Hello World!#

In this lesson, we won’t learn much Python programming. We’ll focus on a deeper introduction to Python starting in Lesson 2. In this lesson, we just want to teach enough such that you can get used to how to run a Python program to follow along with the Python readings.

Why Python?#

Python is one of the most popular languages in the world (StackOverflow), and is one of the most frequently used programming languages by data scientists. In fact, many speculate that Python’s explosive growth in popularity in recent years stems from increased interest in the field of data science.

Why do many data scientists use Python? There are two key reasons:

Simple Syntax: Python is designed to be very human-readable. Sometimes, writing a Python program feels a lot like writing an English description of how to solve problem. Other languages (e.g., Java), contain a lot of syntactical constructs (i.e., curly brackets) that often make less natural to read. This is not to say that Python is “easier to learn”! Learning programming can be complex, and students of programming generally struggle with concepts of computing (e.g, “what is the idea of a loop”) more so than the syntax of computing (e.g., “how to write a loop in Java”). But many data scientists (who might come from non-programming backgrounds) often cite Python’s easy-to-approach syntax as a draw to the language for them. See our Hello World program below to get a sense for this.

Libraries for Data Science: Python has tools built in it to make it relatively simple to download and use code written by others. Many developers have spent countless hours developing useful pieces of code others can use for data analysis. While the software setup on the last slide might have ran into some hiccups based on how your computer is set up, it is still overall pretty simple in the grand scheme of things: we’ve taught large Java programming classes and would never dream of trying to set up downloading libraries other programmers have wrote for Java. So the ecosystem of libraries built for data science applications in Python further makes Python an attractive language for data scientists. If they can rely on these libraries to do much of the tedious work, they can focus on their analysis. We will learn many of the most popular libraries for data science in this course!

Hello World#

Conventionally in any first programming course, you learn how to make a computer print out the the text “Hello world!” So let’s do that in Python!

print("Hello world!")

That’s it! If you just type this in a Python program and run it, it will say “Hello world!” to you!

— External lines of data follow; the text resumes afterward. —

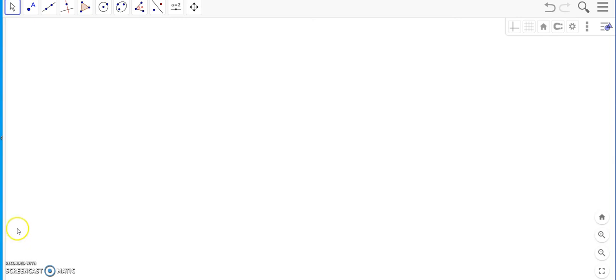So children, we are back with our GeoGebra applet where I am going to show you how to construct a special kind of quadrilateral. We will discover what this quadrilateral is and what are its properties.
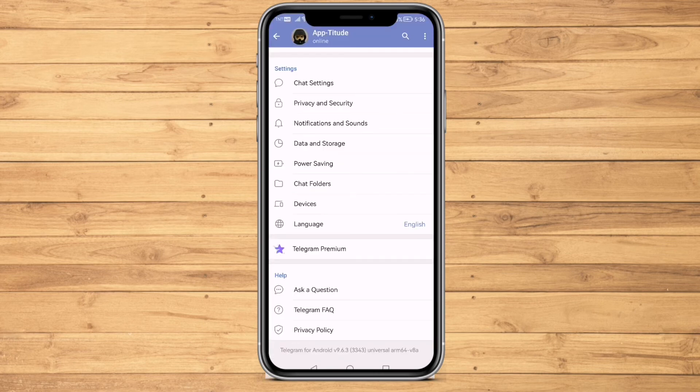Once you have successfully entered the code that has been sent to the website, just fill out the information you would like to have on your account. Congratulations — you have successfully created a Telegram account without the use of your own mobile number! If you learned something in this video, don't forget to subscribe and thank you for watching.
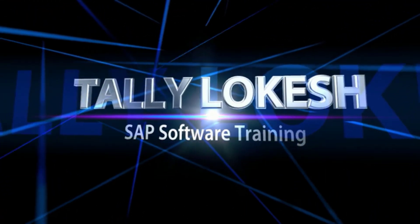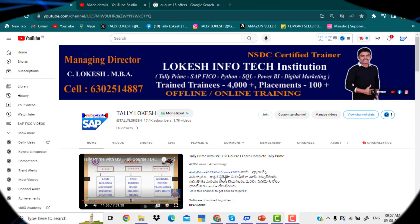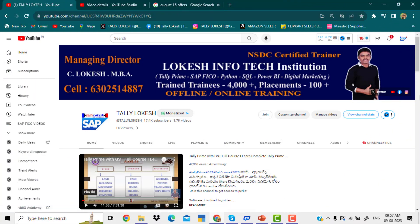Tally Lokesh SAP software training. Hello guys, good morning, welcome to Tally Lokesh YouTube channel. This is the best offer: Advanced Excel, Tally Prime 3.0, and SAP FICO S4 — a 3 combo course offer available within a short term. This offer has great benefits, so if interested, call immediately and get your name enrolled.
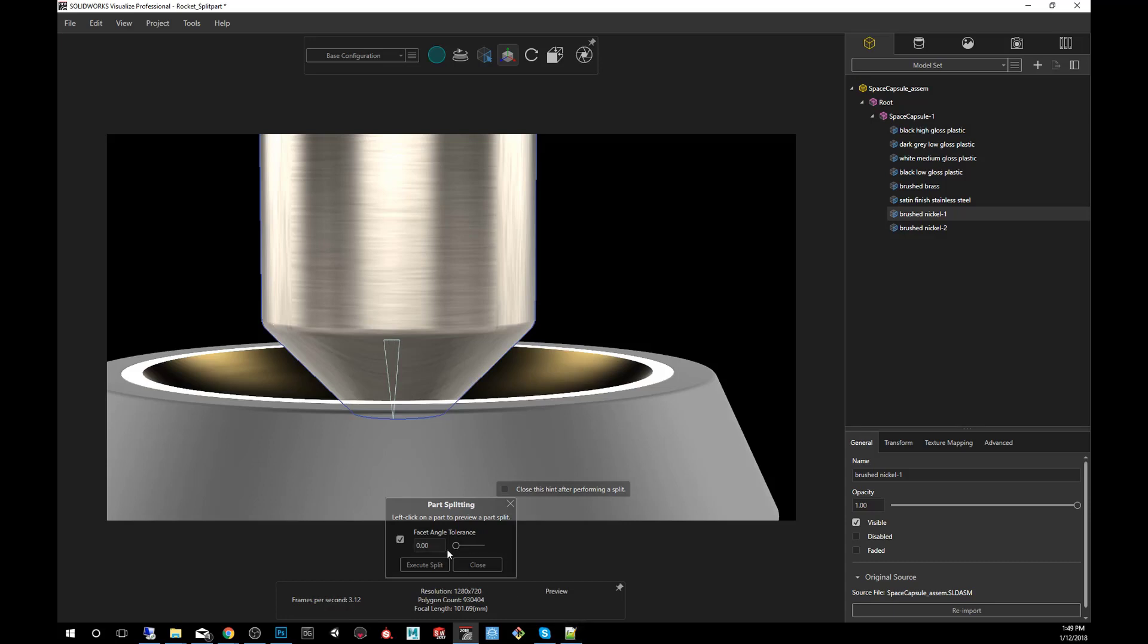But if I now kind of tweak it up little by little, the selection kind of spills to the adjacent polygons because it calculates that the difference in angle between the polygon that I initially selected and the adjacent ones is less than 3.83 degrees.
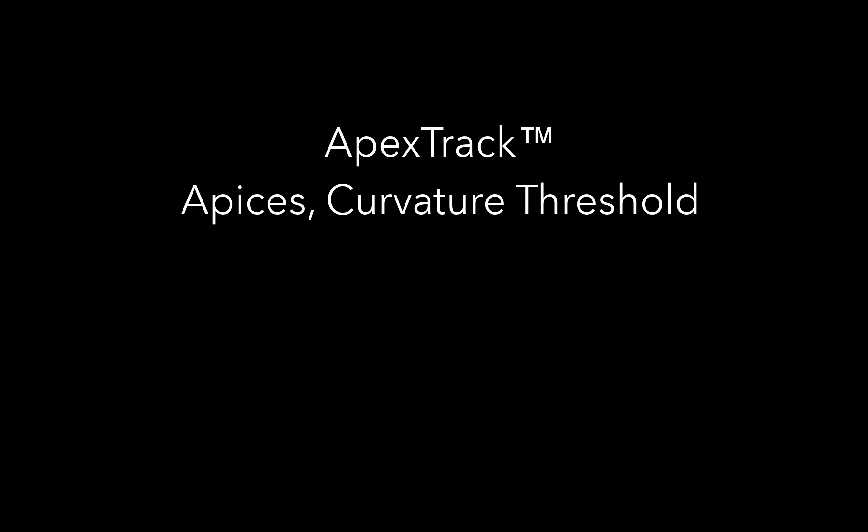This video is part of a series about a peak detection algorithm called ApexTrack. Here we'll discuss how ApexTrack starts detecting peaks, as well as one of its most important configuration options called curvature threshold.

For comparison, here is how you write “Hello world” in some other popular programming languages that have some more complex syntax. Skimming these, you might begin to see what we mean by Python generally being considered to be more human-readable since it doesn’t require a lot of extra syntax these other languages do.

public class Main {
    public static void main(String[] args) {
        System.out.println("Hello world!");
    }
}
#include <stdio.h>

int main() {
    printf("Hello World!");
    return 0;
}
#include <iostream>

int main()
{
    std::cout << "Hello, World!" << std::endl;
    return 0;
}
package main

import "fmt"

func main() {
    fmt.Println("hello world")
}

Explore on Your Own!#

Consider our “Hello world!” program from above.

print("Hello world!")

Notice that if you hover your mouse over the code above, there is a clipboard icon to copy the code. This is a great way for you to easily copy our code and try it on your own! Now that you’ve completed the Software Setup, you can make a new Python file (extension: .py) in VS Code or whatever editor you use and paste a code snippet there to try it out! Try changing the print statement to say something else!

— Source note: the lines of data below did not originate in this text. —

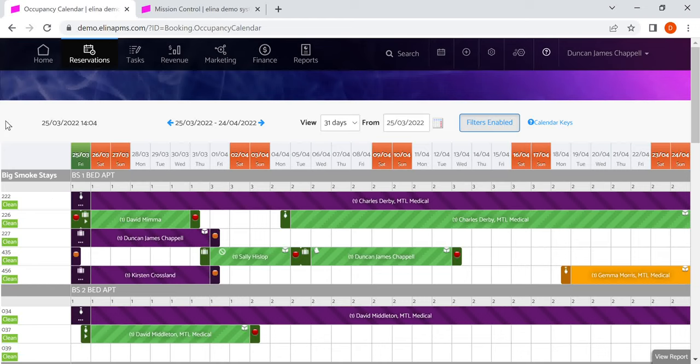This is the reservation calendar in Eleanor. I'm going to take you through how it works and what you can do in it.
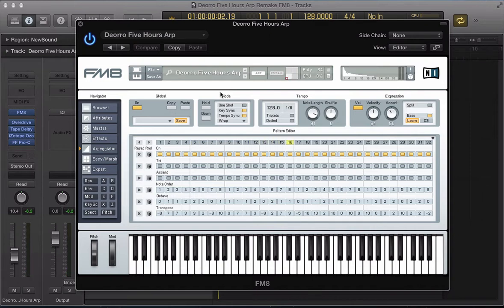Hi there, welcome back to ADSR FM8 Tutorials. In this tutorial we're going to do a remake of the arpeggiator sound from Djuro's 5 Hours track.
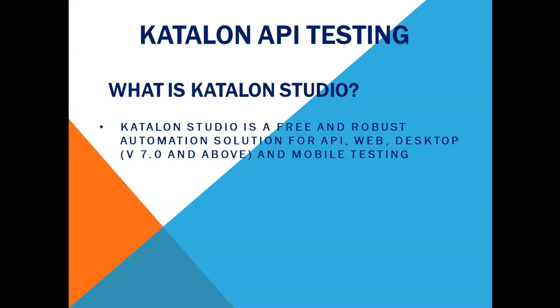So if you have worked on selenium already it will be very easy to understand and use Katalon studio for your web, API, desktop and mobile automation.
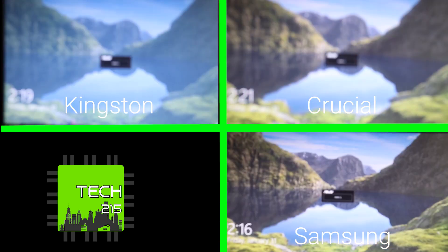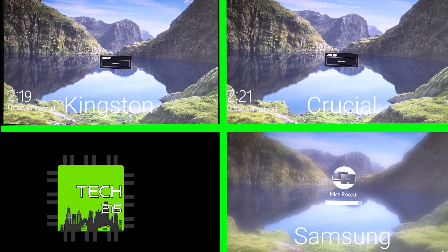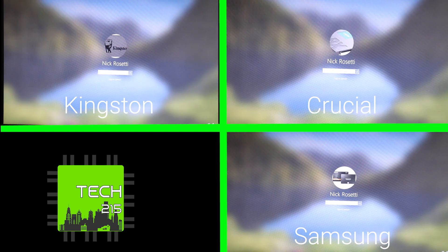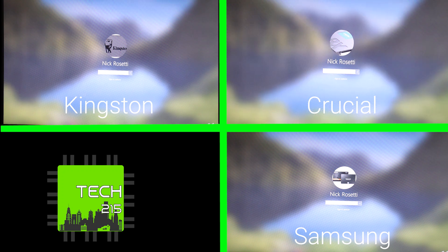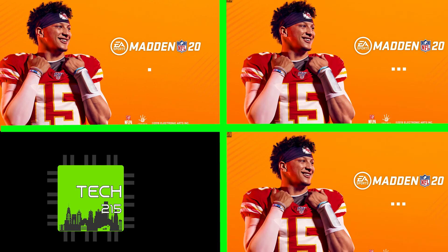Ultra quick boot times — that's what makes SSDs so much better than hard drives. They boot super fast, and in laptops I think they boot even faster. Since it's Super Bowl Sunday, I wanted to see how fast a game could boot, so we picked Madden 20.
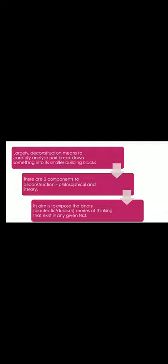There are two components to deconstruction: philosophical and literary. And the aim of deconstruction is to expose the binary or dialectic or dualist modes of thinking that exist in any given text.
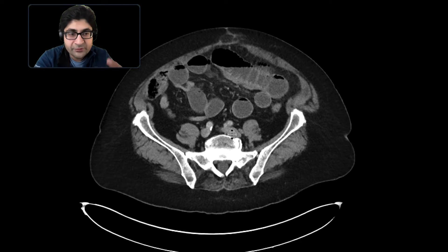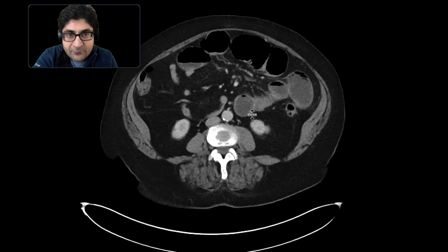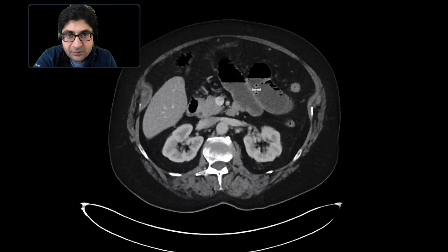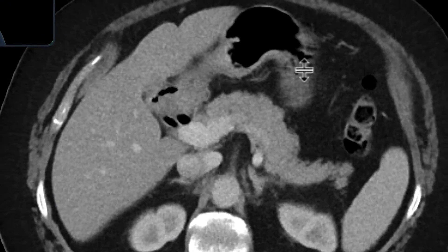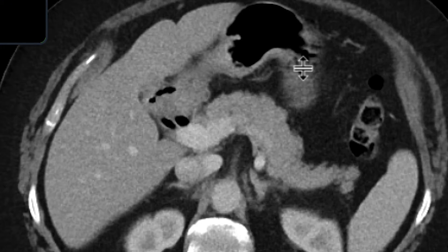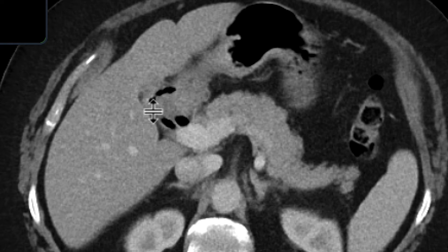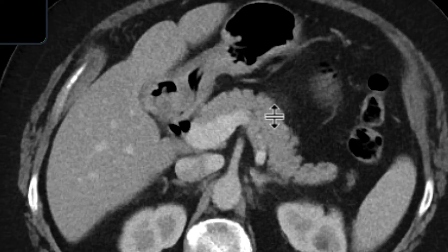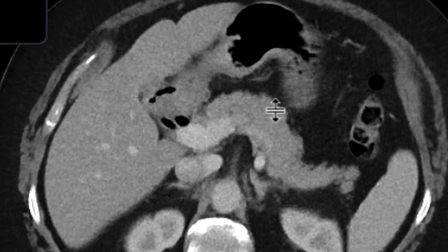So clearly, we're dealing with a small bowel obstruction. Looking more closely, the gallbladder is quite contracted and contains gas — pneumobilia. And right around there, there's a little tract or fistula between the gallbladder and the duodenum that's filled with air.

While it might not seem very exciting with our single print statement, you will find getting into the practice of running the code you read about to be extremely helpful for learning. You can also gain a huge amount of understanding by trying out your own changes to a new code syntax you’ve learned to explore how it might work in other situations. We recommend that you always have VS Code up with these readings so you can try out the Python snippets as we show them.